Original post at Successful Blog By Liz Strauss
Working with Thoughts and Ideas Is the New Reality
The world economy has changed to one of service and ideas. Conversation is digital and content is king. The ability to work with ideas has become crucial to having a place in society. Thinking outside of the box is no longer a weird personality trait, but something to be admired and valued. It’s a key trait necessary to modern-day strategic planning and process modeling.
- Intellectual property — content — is an asset that not only gets produced, but reproduced, reconfigured, and re-purposed for variety of media.
- Those who produce intellectual property are builders of wealth.
- An original idea — a twist or tweak on an old process or product — that solves a problem or presents an opportunity is worth more now than it ever has been.
Those who develop, mold, and execute original thinking will own the future.
10 Skills Critical to Owning an Outstanding Future
- Deep independent thinking and problem-solving – The ability to understand a problem or opportunity from the inside out, vertically, laterally, at the detail level, and the aerial view.
- Mental flexibility – The ability to tinker with ideas and viewpoints to stretch them, bend them, reconstruct them into solutions that fit and work perfectly in specific situations.
- Fluency with ideas — The ability to describe many versions of one answer and many solutions to one problem set and to explain the impact or outcome of each both orally and in writing in ways that others can understand.
- Proficiency with processes and process models — The ability to discuss a problem in obsessive detail and to define a process, linear or nonlinear, that will solve the problem effectively within a given group culture.
- Originality of contributions – The ability to offer a value-added difference that would not be there were another person in the same role.

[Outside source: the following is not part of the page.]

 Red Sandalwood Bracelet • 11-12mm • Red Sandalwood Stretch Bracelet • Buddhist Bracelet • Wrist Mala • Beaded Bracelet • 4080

- A habit of finding hidden assumptions and niches — The ability to see the parts of what is being considered, including the stated and unstated needs, desires, and wishes of all parties involved.
- A bias toward opportunity and action — The ability to estimate and verbalize the loss to be taken by standing still and missed opportunities that occur by choosing one avenue over another.
- Uses all available tools, including the five senses and intuitive perceptions, in data collection — The ability to weigh and value empirical data, sensory data, and one’s own and others’ perceptions appropriately.
- Energy, enthusiasm, and positivity about decision-making — The ability to bring the appropriate mindset to the decision-making process in order to lead oneself or a team to a positive decision-making experience.
- Self-sustaining productivity — The ability to use the confidence gained from the first 9 skills to establish relationships with people at all levels — from the warehouse to the boardroom — knowing that ideas are not the pride and privy of only a gifted few.